#### Work task:
What you produce should be every line from the data that includes "Cover".

[Source records]
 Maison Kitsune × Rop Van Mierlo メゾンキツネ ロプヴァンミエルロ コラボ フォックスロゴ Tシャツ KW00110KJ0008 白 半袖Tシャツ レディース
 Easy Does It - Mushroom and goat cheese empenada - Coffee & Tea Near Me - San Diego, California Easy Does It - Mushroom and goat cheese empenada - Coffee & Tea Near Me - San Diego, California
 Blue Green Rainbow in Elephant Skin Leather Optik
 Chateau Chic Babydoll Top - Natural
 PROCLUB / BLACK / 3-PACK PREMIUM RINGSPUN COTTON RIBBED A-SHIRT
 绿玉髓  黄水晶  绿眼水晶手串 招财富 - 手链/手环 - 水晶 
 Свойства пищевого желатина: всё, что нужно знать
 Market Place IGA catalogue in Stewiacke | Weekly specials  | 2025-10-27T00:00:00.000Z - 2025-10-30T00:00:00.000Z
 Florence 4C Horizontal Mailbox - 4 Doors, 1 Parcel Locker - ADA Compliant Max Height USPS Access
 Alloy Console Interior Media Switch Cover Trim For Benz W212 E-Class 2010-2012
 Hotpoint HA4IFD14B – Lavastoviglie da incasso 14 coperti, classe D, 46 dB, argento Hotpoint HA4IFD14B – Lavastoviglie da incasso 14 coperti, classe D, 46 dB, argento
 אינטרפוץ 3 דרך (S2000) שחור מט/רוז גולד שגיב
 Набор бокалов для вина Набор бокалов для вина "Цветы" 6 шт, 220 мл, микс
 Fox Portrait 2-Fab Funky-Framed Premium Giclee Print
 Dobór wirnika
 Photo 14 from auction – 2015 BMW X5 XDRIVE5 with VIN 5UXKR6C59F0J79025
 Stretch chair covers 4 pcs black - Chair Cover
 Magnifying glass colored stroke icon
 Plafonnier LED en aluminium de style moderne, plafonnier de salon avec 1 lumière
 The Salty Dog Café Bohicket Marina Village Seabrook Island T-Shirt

#### Problem solution:
 Alloy Console Interior Media Switch Cover Trim For Benz W212 E-Class 2010-2012
 Stretch chair covers 4 pcs black - Chair Cover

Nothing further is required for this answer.